Dia mengangguk-anggukkan kepala.
"Bagaimana?" ia bertanya lagi, kembali memastikan.
"InsyaAllah aman." Pilot itu tersenyum mendengar ucapan wakilnya.
Tak lupa ia mengucapkan bismillah. Karena dengan mengingat Allah, insyaAllah segala urusan akan dipermudah.
*****
Perhatian, para penumpang pesawat dengan nomor penerbangan JT-761 tujuan Jakarta dipersilahkan naik ke pesawat udara melalui pintu Gate-6.
Setelah operator yang menyampaikan jadwal keberangkatan, aku langsung menuju pintu dimana terdapat tiga petugas di sana yang tersenyum ramah. Mengingat ratusan orang mengantre, aku memutuskan untuk mengalah dan berdiri paling belakang dari barisan.
Aku memasuki pesawat, suasana benar-benar dingin lantaran dipenuhi AC. Di depan pintu pesawat sudah disambut oleh dua orang pramugari.
"Selamat datang," ucapnya sembari menganggukkan kepala sebagai tanda hormat dan menyatukan kedua tangannya di depan dada. Aku membalasnya dengan senyum canggung.
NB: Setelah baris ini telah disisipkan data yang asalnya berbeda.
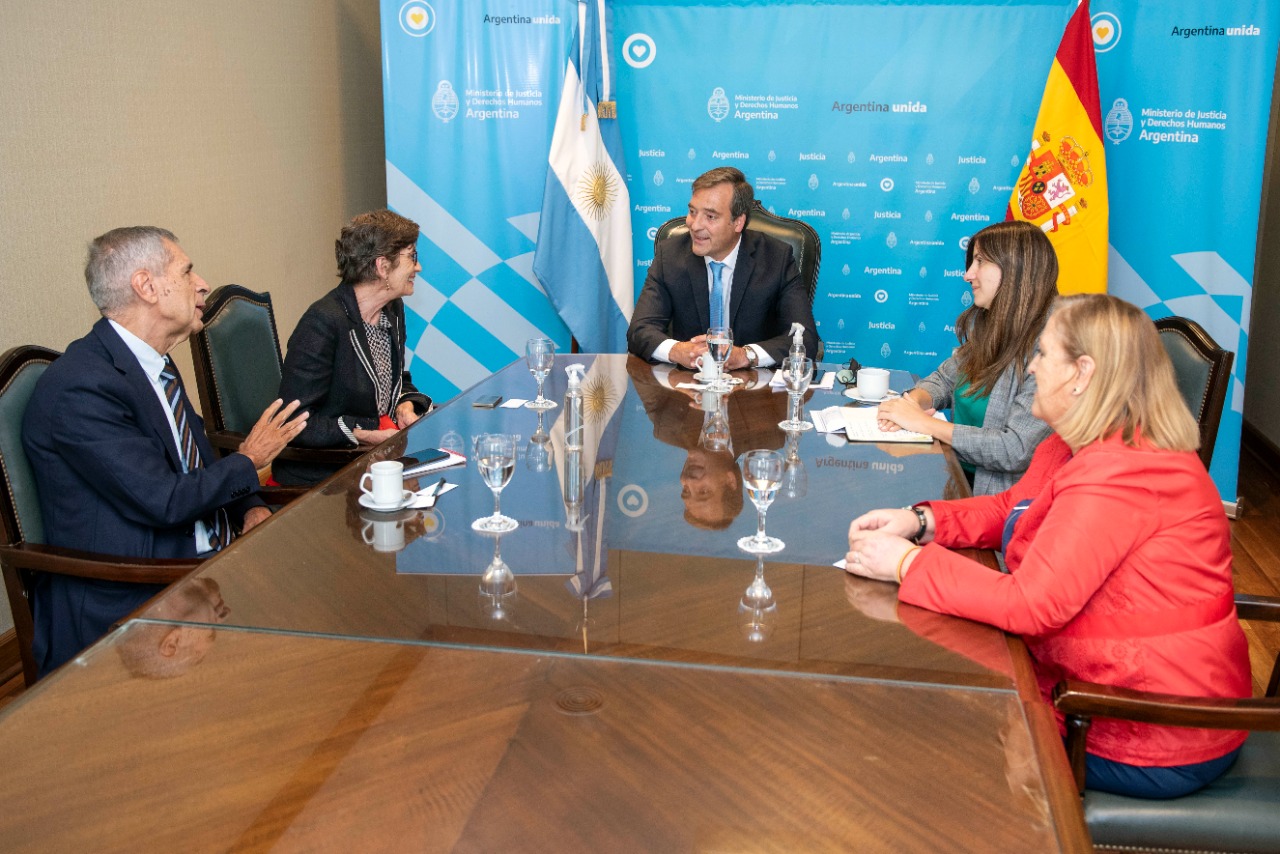 Soria recibió a la Embajadora de España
Aku duduk di bangku nomor 11A. Paling pojok sehingga aku bisa melihat pemandangan saat pesawat lepas landas nanti. Dan yang paling aku suka ketika berada di pojok adalah memotret pemandangan.
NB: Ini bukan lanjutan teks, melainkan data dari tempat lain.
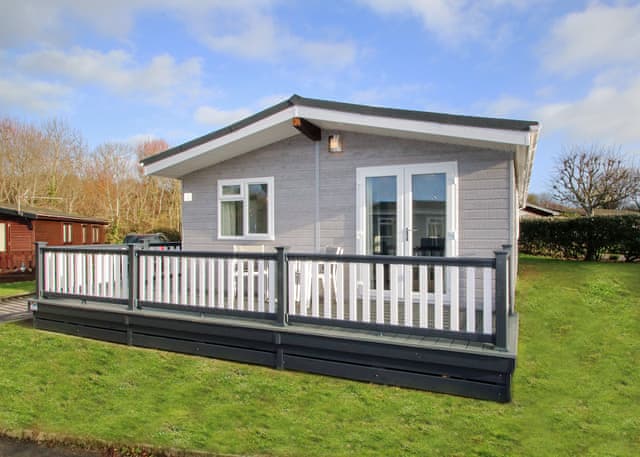 Select Plus 2 Lodge (Pet) - Forest Edge, St. Leonards, Ringwood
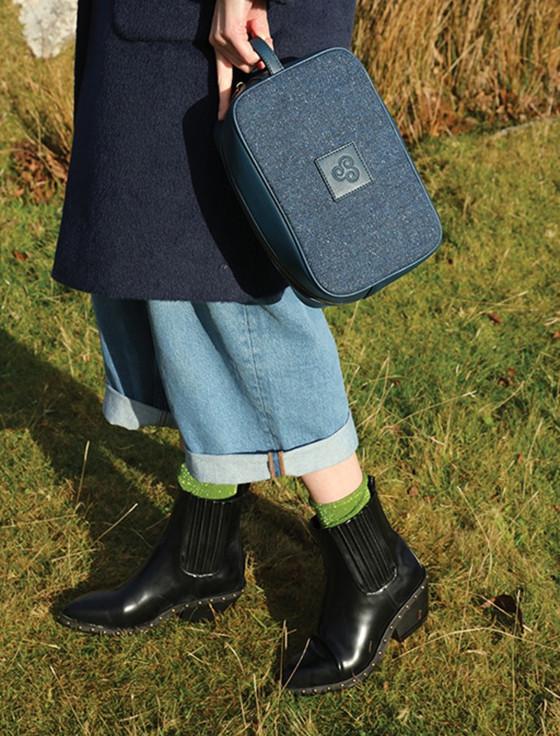 aran cashmere Kerry Tweed Washbag - Midnight Blue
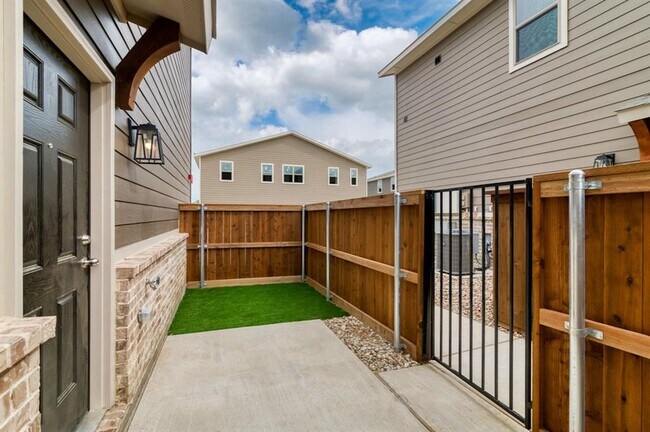 607 Harvest Moon Drive, Venus, TX 76084 photo 3
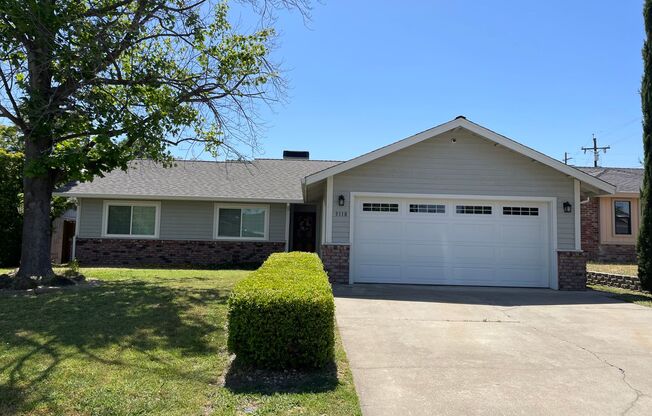 NICE UPDATED SINGLE STORY HOME IN ROCKLIN!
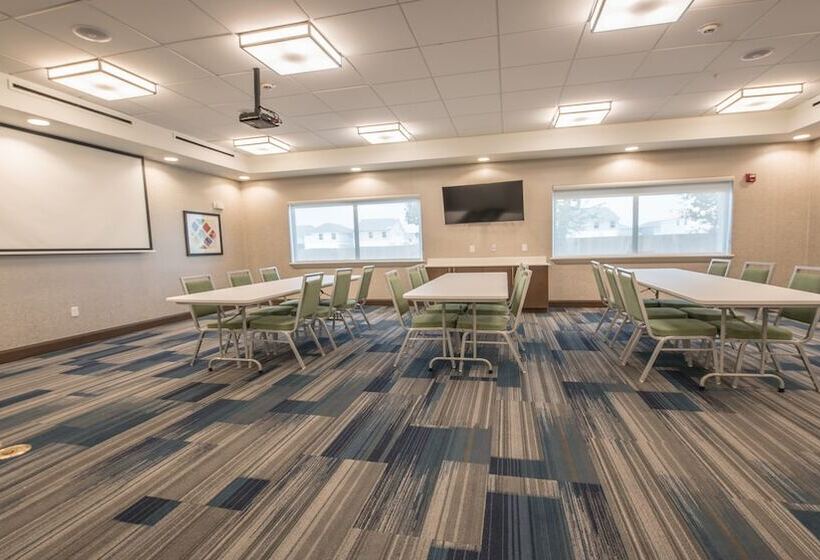 호텔 Holiday Inn Express & Suites   Dripping Springs   Austin Area, An Ihg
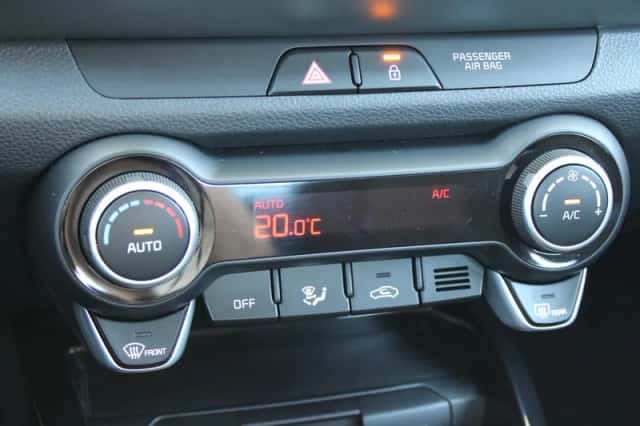 Kia Stonic (2025) thumbnail 13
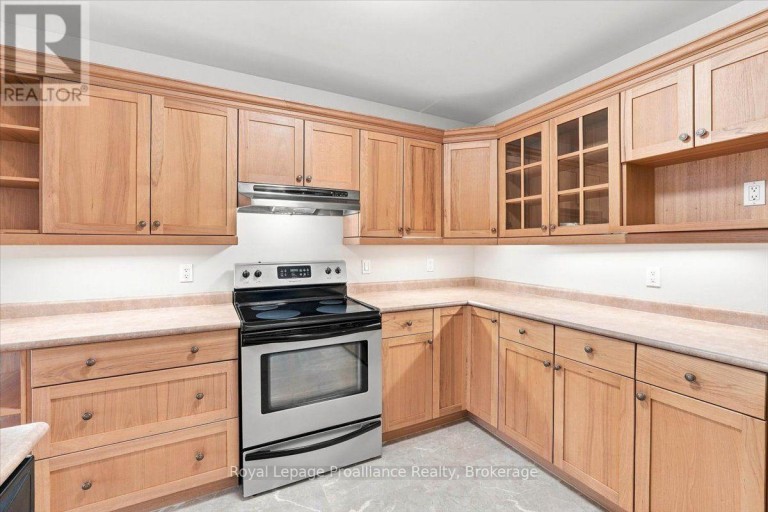 12 - 25 HEARTWOOD DRIVE, Belleville (Belleville Ward), Ontario, K8P5M2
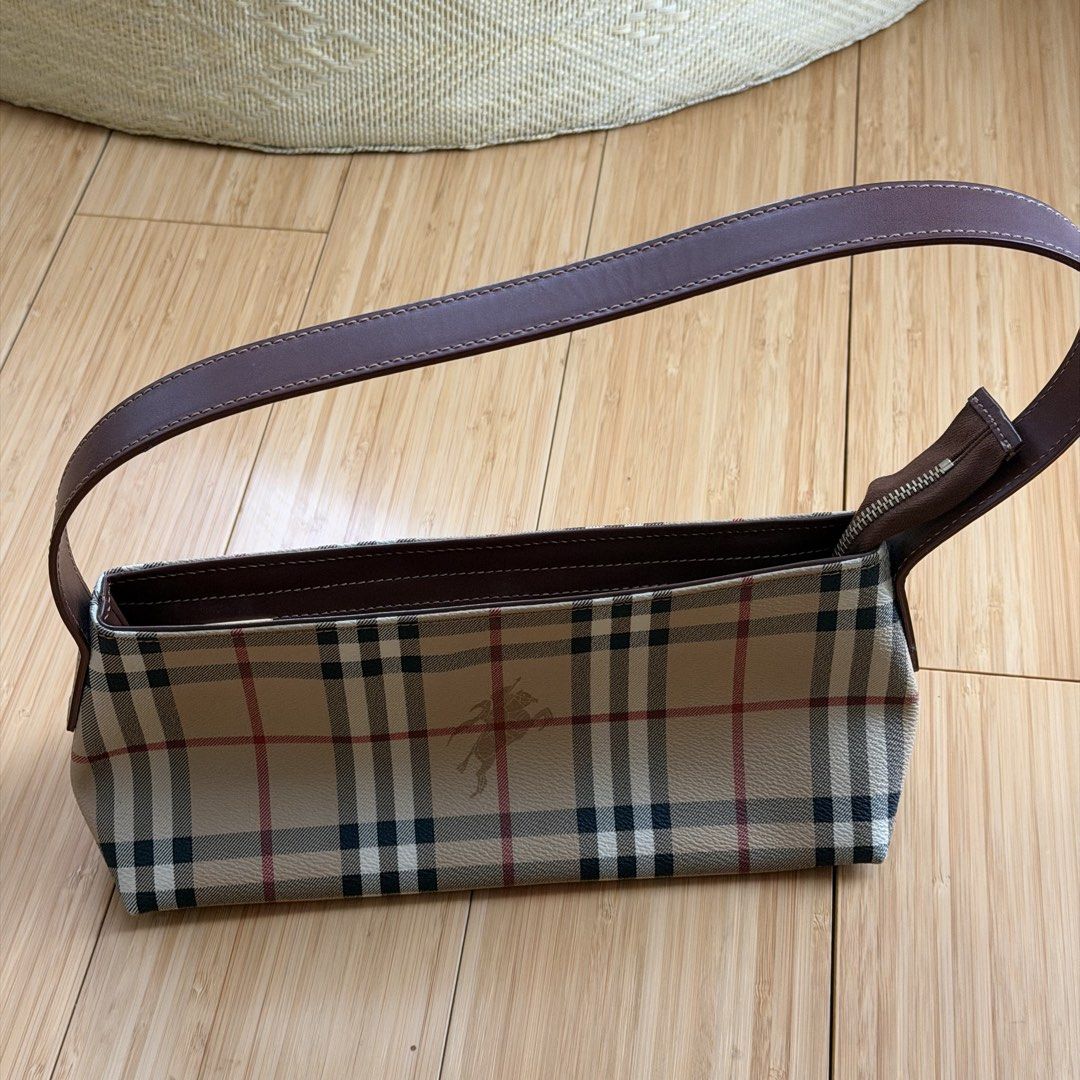 Burberry Nova Check Shoulder Bag (Category: Luxury Bags & Wallets) located in General Santos City (Dadiangas). Submitted by giamaguas (Listing ID 1462558834, Image 1). Description: Still in excellent condition! Bought from Amore Tokyo for ₱23k I can forward the order confirmation email from Amore.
Aku membuka tas selempangku dan mengambil diary yang biasa aku tulis untuk membuat kata-kata mutiara atau puisi, bahkan di sini aku kerap kali menceritakan hari-hariku.
Kling
Suara pesan masuk berdering. Aku membuka benda pipih di tas selempangku dan satu notif muncul dari Vira.
Vira : Ayah di RS Hadikusumo.
Aku membacanya tanpa membalasnya.
"Suka nulis, ya?" Suara ringan dari seorang perempuan di sebelahku membuatku menoleh.
Jemariku berhenti saat pertanyaan itu terlontar dari wanita cantik di sampingku. "Iya."
Wanita itu tersenyum. Aku lantas melanjutkan aktivitasku.
Kata demi kata aku tulis hingga suara speaker atau instruksi yang menyadarkankanku untuk mengunci meja kecil yang terbuka di hadapanku. Aku hanya menurutinya dan meletakkan buku diary di pangkuanku hingga aku tertidur.
*****
Di rumah sakit aku melewati kerumunan orang sembari menarik koperku. Berjalan menuju ruang tunggu. "Mbak, pasien atas nama Pak Zidan dimana, ya?"
"Di ruang rawat, Mawar 10," jawabnya sembari tersenyum simpul.
"Oke, makasih."
"Iya, sama-sama."
Aku membuka ruangan tempat Ayah dirawat dan di dalam sudah ada Bunda yang menemani Ayah. Huh, aku sungguh merindukannya.
"Assalamu'alaikum." Aku mencium tangan Bunda dan Ayah dengan perasaan yang amat rindu.
"Wa'alaikumussalam," jawab Ayah dan Bunda bersamaan.
Aku meletakkan koper kemudian berdiri di samping Ayah yang terbaring lemah. "Ayah, gimana keadaannya?" Pria paruh baya yang usianya sudah memasuki kepala enam tersenyum kepadaku. Namanya Zidan Arya Pramungkas. Ia ayahku.
"Ayah baik-baik saja, kata dokter, besok pagi sudah boleh dibawa pulang," jawab wanita paruh baya yang sekarang berkepala lima, bundaku masih terlihat muda.